As a synthetic organic chemist, my research involves development of new methodology for the construction of bioactive natural products: alkaloids, cyclic ether arrays, & C-glycosides. Current studies include:
• Investigation & use of oxazolone as a useful heterocyclic scaffold for alkaloid synthesis - studies of intramolecular Diels-Alder reactions with oxazolone as dienophile.
• Novel organosilane chemistry for approaches to bioactive ethers - concise assembly of cis-fused bicyclic ether arrays via intramolecular attack of vinylsilanes at tethered oxocarbenium ions. A related silyl-activated Friedel-Krafts process requires an unusual combination of electronic & steric effects.
Recently completed targets include 2-epi-pumiliotoxin C & deoxyaltholactone. Similar approaches to gephyrotoxin & dysiherbaine are underway.
We spent many years studying the high resolution electronic spectroscopy of porphyrins. Recently, however we began to study the dynamics and thermodynamics associated with the formation of RNA construct-peptide complexes using single molecule detection methods, such as dual color fluorescence correlation spectroscopy (DCFCS) and single pair fluorescence resonance energy transfer (spFRET).
My research interest includes the development of a new drug delivery system which can target a specific organ, collect useful physiological data and release drugs when a light signal is given.
Currently there are two main areas of investigation being pursued in my laboratory.

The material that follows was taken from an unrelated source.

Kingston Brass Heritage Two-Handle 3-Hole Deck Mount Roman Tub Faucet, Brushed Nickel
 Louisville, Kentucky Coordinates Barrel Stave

1) Amyloid Formation and Protein Aggregation. The abnormal formation of protein aggregates, or amyloid deposits, is the hallmark of Alzheimer’s disease as well as Type 2 diabetes. My laboratory is investigating the molecular interactions that occur between key proteins that contribute to the formation of amyloid in these diseases. Through a more detailed understanding of how these proteins self-assembly to form aggregates, we hope to design and develop inhibitors which may serve as a template for potential therapeutic agents.
2) Protein Kinase Inhibitors. We are developing compounds that inhibit the activity of key enzymes (kinases) which can cause tissues to grow out of control and develop into tumors. To do this we are synthesizing molecules that exploit the unique molecular recognition motifs found in these enzymes to more effectively deliver inhibitory species to the active site.
I study gas phase molecular reaction dynamics, vibrational energy transfer, photodissociation, chemical reactions, and the spectroscopy of gases using cavity ring-down spectroscopy, a laser-based technique. I am currently working on the weak absorption in the visible of hydrogen and its isotopomers.